Meldunek: 29/08/2005
Postów: 1531
Skąd: Boston
W UK, masz 0% podatek od wygranych,jest tu duzo firm bukmacherskich. Wydaje mi sie, ze nie musisz wypiwac zadnych PITow ani duperel,bo tu robi to za Ciebie twoj pracodawca jak pracujesz. Wysyla Ci PIT P-60 lub P-45 (gdy zmieniasz prace)... idziesz z tym do Reweniu pokazujesz i oni mowia masz zwrot lub nie.

A to ze grasz,przegrywasz lub wygrywasz to twoja sprawa. Znam kolesia ktory wygrywa-przegrywa (20.000 funtow) co tydzien, i nic sie nierozlicza ... gra wyscigi koni (bardzo popularne tutaj podobnie jak psow), ale prawde powiedziawszy to nie wiem jak to tu wyglada dokladnie. Ale jezeli twoje wygrane nie przekrocza 100.000 funtow to nie zawracalbym sobie nawet glowy.

Do góry
#1318781 - 21/06/2007 05:02 Re: zapytanko... [Re: ComeWithMe]
minotauro Offline
enthusiast

Meldunek: 07/02/2007
Postów: 219
Hm będe musiał popytać na jakiś forach angielskich jak to jest tak naprawdę z tym bo kurcze słyszałem gdzieś, że jeśli to jest jedyny dochód to trzeba płacić dochodowy chyba... Ale oni sami nie wiedzieli dokładnie %-) No właśnie tu jest pies pogrzebany ja mam kasę TYLKO od buków narazie... Ktoś powie, że można to jakoś wszystko upłynniać, ale w razie kupna np. droższego samochodu to jest problem bo się mogą czepnąć a moi rodzice gówno zarabiają itd. więc z tym muszę się jakoś uporać.

Do góry
#1318782 - 21/06/2007 05:04 Re: zapytanko... [Re: minotauro]
minotauro Offline
enthusiast

Meldunek: 07/02/2007
Postów: 219
Chodzi właśnie mi o to jak tam gracze zawodowi się rozliczają z tego i czy polak zameldowany tam może ewentualnie też to robić...

Do góry
#1318918 - 21/06/2007 06:54 Re: zapytanko... [Re: minotauro]
JasiuZ Offline
addict

Meldunek: 08/02/2006
Postów: 601

Do góry
#1329023 - 25/06/2007 01:37 Re: zapytanko... [Re: JasiuZ]
Eska Offline
Pooh-Bah

Meldunek: 11/02/2005
Postów: 1792
Ja juz bedziesz cos wiedzial to daj mi znac ;\)
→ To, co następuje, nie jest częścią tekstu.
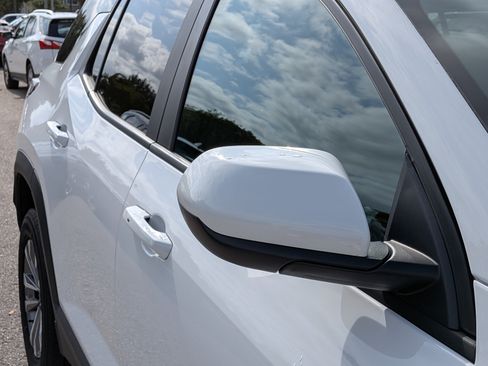 Used 2025 Chevrolet Equinox LT FWD image 3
Tez mysle nad tym zeby sie do UK przeprowadzic i zeby grac tam legalnie. Tylko wlasnie mam podobne pytania jak ty i nikt nie umie mi odpowiedziec jednoznacznie na nie. Wiec jak cos juz bedziesz wiedzial to prosze o jakis cynk - moze byc na prv

Do góry
#1331727 - 26/06/2007 00:54 Re: zapytanko... [Re: Eska]
moonlight Offline
Pooh-Bah

Meldunek: 12/10/2005
Postów: 1734
Czy czasem tak nie jest, że np. na betfair mogą obstawiać podmioty gospodarcze ?
Jeżeli tak - w UK bez problemu, przy małych kosztach można założyć sobie spółkę Ltd - i zarabiać .... \:\)
Właśnie planuję na wrzesień, październik takową spółkę z ograniczoną odpowiedzialnością założyć ( nie do bukmacherki ) z otworzeniem przedstawicielstwa w Polsce, koszty są bardzo zadowalające, podobnie jak procedury.
Daje to ogromne korzyści - i na pewno jest to lepsze rozwiązanie niż taka sama forma prawna firmy - założonej tylko w Polsce.

Do góry
#1331885 - 26/06/2007 01:20 Re: zapytanko... [Re: moonlight]
sports Offline
addict

Meldunek: 27/09/2005
Postów: 523
chodzi Ci o zalozenie firmy w UK zarabiasz na betfair ??? a potem rozliczasz sie z poslkim US z prowadzonej firmy ???

Do góry
#1331900 - 26/06/2007 01:23 Re: zapytanko... [Re: sports]
moonlight Offline
Pooh-Bah

Meldunek: 12/10/2005
Postów: 1734
po co z polskim z US ?? z angielskim jak już - przecież zakładasz tylko firmę w Anglii..

Do góry
#1331923 - 26/06/2007 01:30 Re: zapytanko... [Re: moonlight]
sports Offline
addict

Meldunek: 27/09/2005
Postów: 523
ale jestes obywatelem polskim i jesli masz polskie obywatelstwo "powinienes" sie tu rozliczac chyba ze planujesz cos o czym nie wiem.... np spolka itp

Do góry
#1331945 - 26/06/2007 01:38 Re: zapytanko... [Re: sports]
moonlight Offline
Pooh-Bah

Meldunek: 12/10/2005
Postów: 1734
Spółka Limited sama w sobie rozlicza się w Anglii - tam jest jej oczywiście siedziba , i jeżeli w tym kraju skupia się jej działalność - rozlicza się angielskim odpowiednikiem naszego US.
Nieco inaczej sprawa wygląda jak się przedstawicielstwo w Polsce - wówczas pewne rozliczenia będą w naszym US.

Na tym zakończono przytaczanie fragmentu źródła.